To achieve safety excellence, the safety practitioner must facilitate transformational change. By transformational, we don't mean the ordinary run-of-the-mill type of change in conditions and practices, but rather, change of the frame-bending, mind-altering type. Change that affects values, systems, manager practices, and structure. Safety leaders must guide their organizations through a series of Critical Attitude Transitions, an organizational "CAT Scan," so to speak. Following are 12 Critical Attitude Transitions and subsequent actions requisite to attaining safety excellence performance.
CAT 1: A shift from believing "employees are the problem" to understanding "process is the solution."
1. Slash the employee training budget! Stupid people aren't the problem! Double the leadership and management development budgets. Enough said! Well, maybe just a word or two more are in order. Training office staff, shipping clerks, and groundskeepers about the hazards of a confined space, fitting a respirator, or how to lock out process equipment wastes their time and your money. As do most of the 11 other pre-scheduled compliance topics, which have little bearing on most people's work yet are obligated to get a check on the corporate audit score.

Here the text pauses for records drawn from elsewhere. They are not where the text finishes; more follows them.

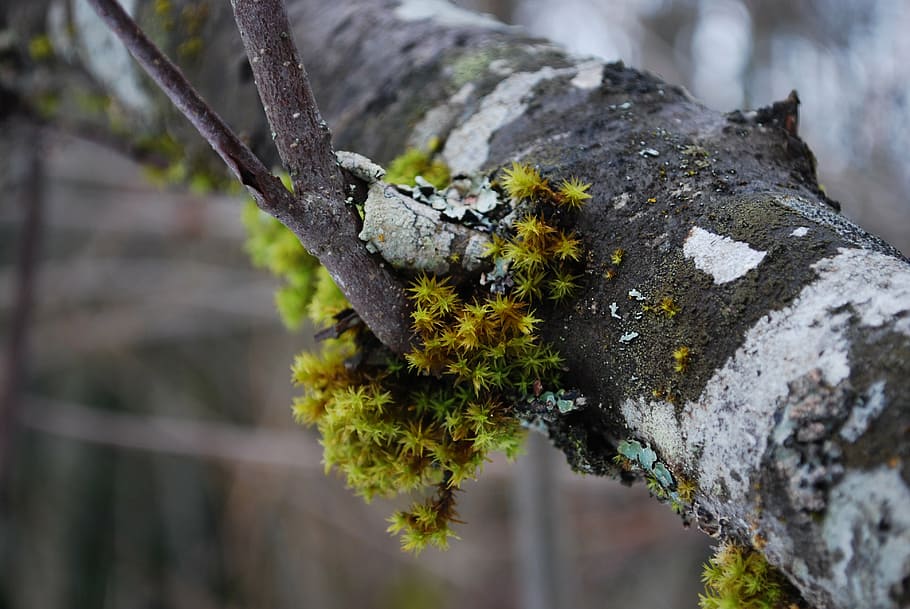 tree, moss, forest, green, natural, plant, environment, trunk HD wallpaper
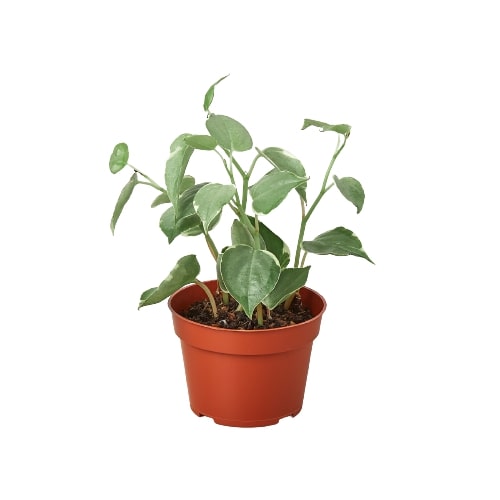 Cupid Peperomia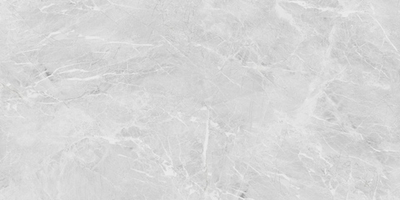 Керамогранит Eva Grey Polished 60x120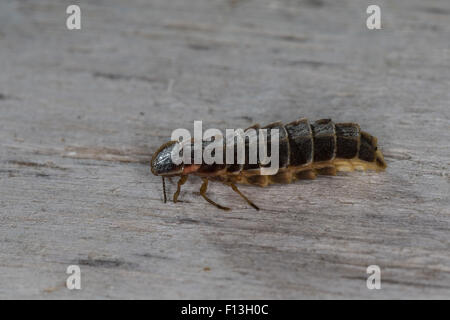 Grande europeo glow worm beetle, delle lucciole, la lucciola, femmina, Großer Leuchtkäfer, Glühwürmchen, Weibchen, Lampyris noctiluca Foto Stock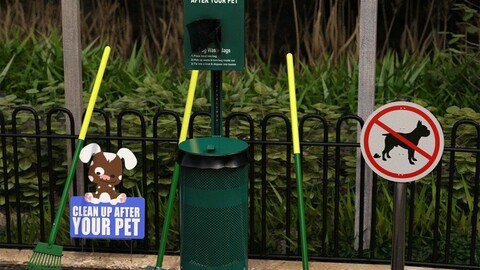 Dog Waste Station and Props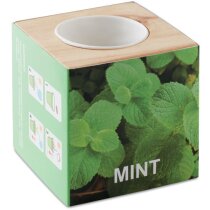 Maceta de madera forma de caja con semillas de menta
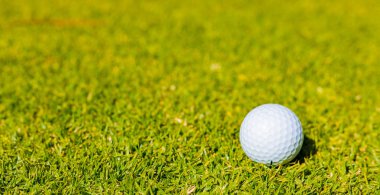 Fairway yeşil bir golf sahasında Golf topu yakın çekim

CAT 2: A shift from blaming the victims to holding the guilty accountable.
2. Discontinue supervisory accident investigations. They rarely identify the root cause of organizational accidents, unless, of course you're willing to put them behind one-way mirrors, bring in a senior manager lineup, and grant them full immunity. They're supervisors . . . they're not stupid!
CAT 3: A shift from safe as an outcome of a program to safe as an outcome of management systems.
3. Stick your nose everywhere it belongs. Encroach upon the turfs of other functions (sucking out redundancy with a straw), create discomfort with your insurance carrier and brokers (by demanding they do something for those commissions), spend money from one budget account to cover the legitimate needs of another (by fixing problems), and be willing to sacrifice the most sacred cows and longstanding bureaucracies of the organization. If your CEO fires you, congratulations! It worked.
CAT 4: A shift from safety positioned as a staff function to safety integrated into line management operations.
4. Restructure your organization. Require that "shared ownership" replace "forced accountability." Build unified business systems (function to function) and collaborative processes (line and staff, not functional departments. We may not all be in the same boat, but we are all in the same ocean. Imagine washing dishes at home: Does anyone have a children's dishwashing department, a husband's dishwashing department, and a wife's dishwashing department? Or do we just have one process, with one set of tools and equipment to do one task? None of us does anything so complex at the task level that it requires a damned department, or silo, or island, or smokestack. We think you get the gist.
CAT 5: A shift from managing by rules to leading by values.
5. Eliminate "rules trolls" and the folly they produce. Rules are made to address 5 percent of the people (who don't follow them), and they alienate the other 95 percent (who don't need them). Replace rules with values-based process guidelines that delineate systematic methods to be taken by people to reduce risk. The phrase "Thou Shalt" shall be reserved for a single purpose: "Thou Shalt refrain from using the phrase Thou Shalt."
CAT 6: A shift from tolerating excuses to obligating performance.
6. Eliminate, now and forever, the word "accident" from the corporate vocabulary. The term is too commonly perceived (and used) by managers as "a fortuitous, unintended, unexpected, s-happens event," a/k/a an excuse. Replace it with the word "incident" or "operational error," i.e., a foreseeable, predictable, and very manageable event manifesting from a series of operational oversights. Now that all the excuses have been eliminated, hold managers accountable for improving their process and minimizing operational error.